Tuesday, April 22, 2008

Civil Condescension

Perhaps I'm channeling a bit of Sen. Obama when I say this, but it's no wonder why people who are, let's say, underprivliaged feel angry about their situations.

Last night during dinner, my poor darling broke his tooth. Last summer, he had had a root canal performed on it, but due to the way this country treats immigrants (*grumbles*), and the fact that it's impossible to pay for health care in cash (*grumbles louder*), he was unable to have a crown placed on it - leaving it unprotected. He claims he is in no pain, but I'm sure once the filling begins to shift, he might be rather uncomfy and a little grumpy. This means we have to act fast and can't wait with high-apple-pie-in-the-sky hopes that I'll actually land a job with decent benefits.

When looking for a fee-reduced clinic in the area, I happened upon two sites. The first site offered zero information about fees and services. The second offered my inspiration for this post.

Out of mere curiosity, I clicked on services offered -> prenatal care. Everything looked perfectly dandy until I read about what they like to call "baby cash." "Baby cash" is essentially coupons earned through acts of good conduct. Yes, just like the gold stars on the chart in kindergarten, moms-to-be can earn coupons to purchase things like diapers, wipes, and breast feeding items by the following:

  • Keeping clinic appointments
  • Keeping home visit appointments
  • Signing up for WIC (a baby food/needs voucher program)
  • Taking childbirth classes
  • Taking breast-feeding classes
  • Learning infant CPR
  • Early Head Start
  • Taking classes to learn English or to earn GED
  • Stop smoking
  • Visiting our dietitian or social worker
Hmm. Mayhaps I'm quite naive, but does a woman really need to earn coupons for free diapers as incentive (besides, you know, the small fetus sprouting in her uterus) to leave the cancer sticks in the ashtray? And since when does learning English make you a better mom? And maybe I'm paranoid, but let's not forget to mention the assumption here: since you are at the reduced-fee clinic, you are irresponsible and uneducated. I don't know about anyone else, but that's what the highlighted list items speak to me.

I realize that there are irresponsible women who do get knocked up and continue to live a reckless lifestyle. But for the vast majority of people visiting this clinic, their reasoning is they simply cannot afford $180 doctor's appointments every week. It has absolutely nothing to do with their choices, lifestyle or education level. 46.6 million Americans do not carry health insurance coverage, and who can afford to pay full price for nine month's worth of private OBGYN services and a hospital stay?

And let's say, for example, an expecting mother does need someone to look after her to make sure she gets the care she and her baby need. Does she really benefit by someone treating her like a child and spoon feeding her like this? She needs a mentor, yes. A support circle, yes. But she does not need someone micromanaging her every step, praising her for things she does that she should do anyway. It reminds me of finding my cat, Alex, in the litter box and telling him he's a good boy for not dumping on the carpet.

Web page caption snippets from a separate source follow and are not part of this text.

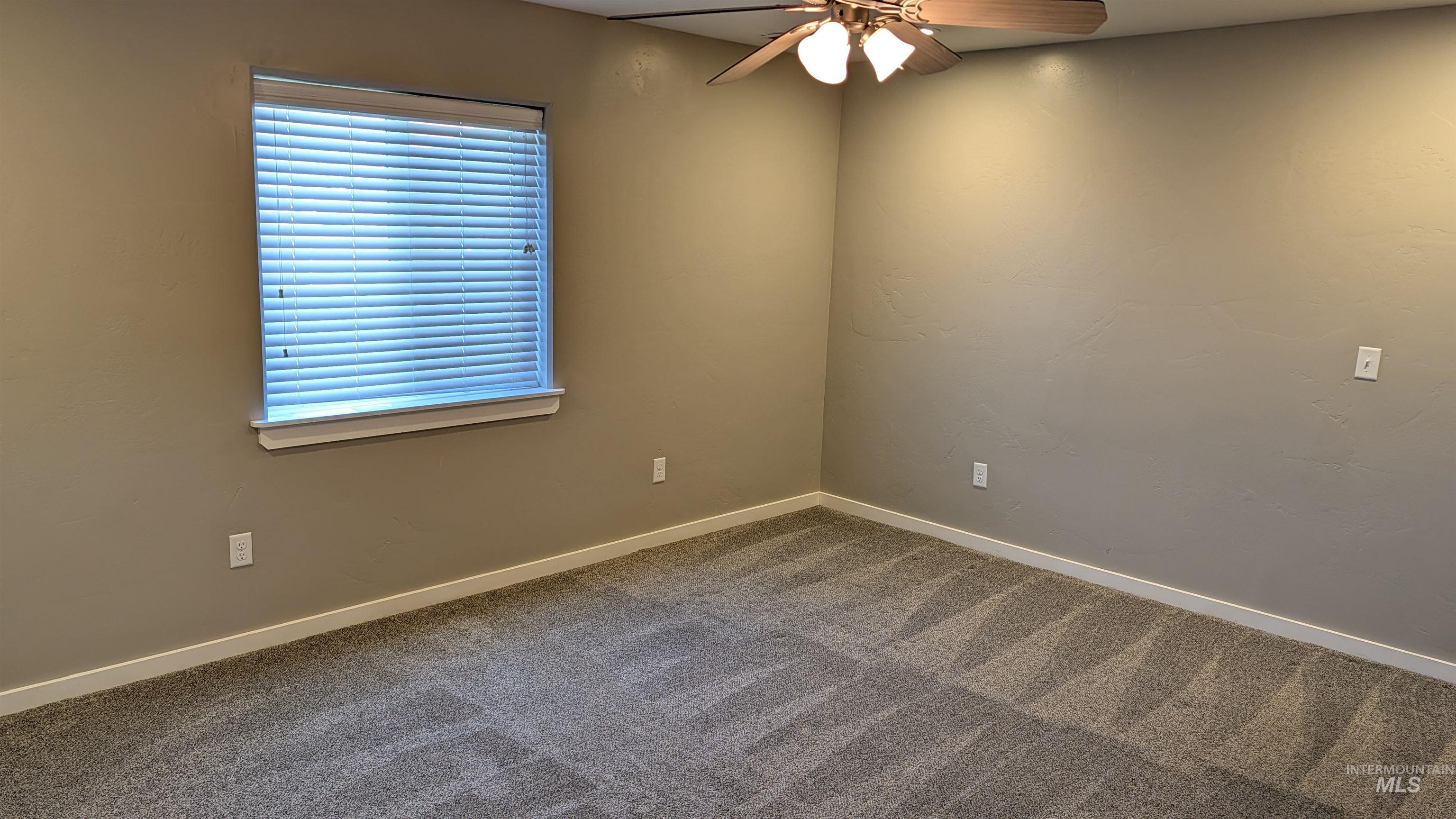 622 Lochsa Loop Heyburn, ID 83336 - Photo 9 of 17 Room featuring neutral-toned walls and patterned carpeting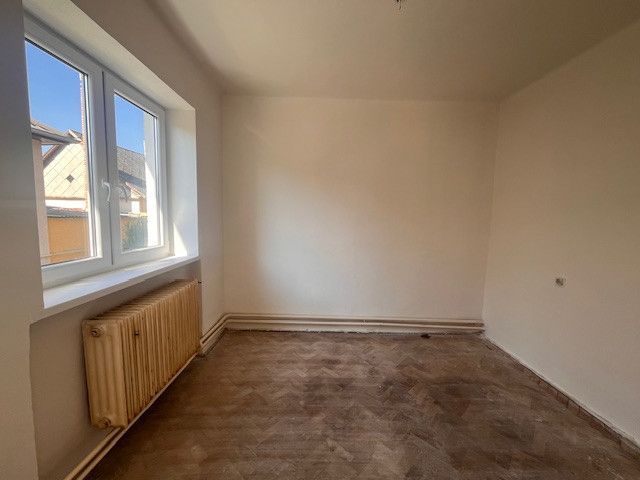 A room in a family house with a window and a floor with a wooden decor.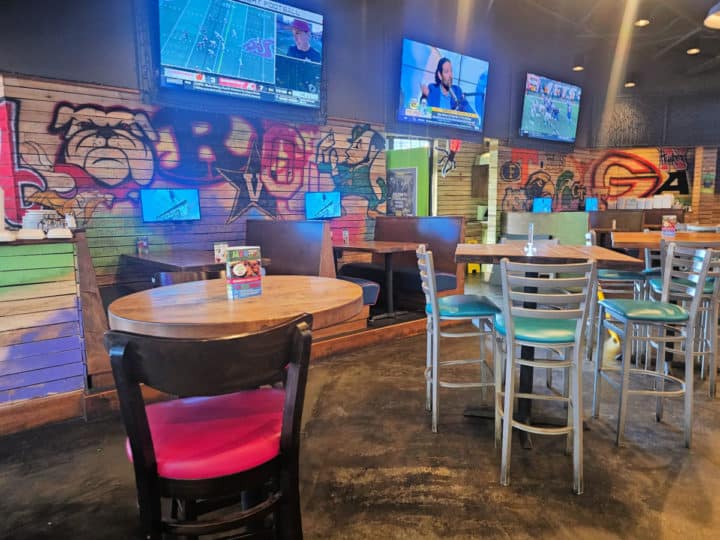 indoor tables and chairs with TVs on the wall along with college team mascots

Perhaps I'm being way too critical of a much-needed service that doctors in my community are willing to provide. But, after reading their policies, I feel like they will judge me for an irresponsible and uneducated individual who has given up on all my responsibilities and needs someone to rehabilitate me to adulthood.

In society, it's much easier to pretend that people poorer and less educated than you are not as civilized. It's much easier to patronize than offer a hand-up. People in their ivory towers must never have experienced hardship, or they forgot the feeling. Life is full of seasons - and sometimes people just fall into the uninsured category by no true fault of their own.

Our economy has evolved into a system where the middle class has disappeared, and the rich get richer and the poor stay poor. For me, I'm in my twenties and trying to find myself and stay afloat while elevating myself in academia. I see people like my father supporting their families (he's not supporting me, mind you - but that's another post some other day). He hates his job, but can't leave or advance because if he does, he risks deflating his standard of living and losing the health coverage and benefits his family needs. This is the story for most of this country. The republican government, of course, only sees the suffering of corporations, and the "little people" are not important enough snag some attention. When they are noticed, a little cash is thrown their way in hopes they'll go buy some bread and keep their mouths shut for a little while longer. This ideology of patronizing the individual for their less-than-standard lifestyle trickles down from the Washington Big Wigs, and into situations like a community clinic.

There is no reason why someone seeking reasonably priced health care should be prejudged and treated in such a condescending fashion. I'm sure if they could afford REAL health care - they wouldn't bother with your stupid policies and elitist attitude. And if you really wanted to help, you'd skip the BS and just give them then damn diapers for free.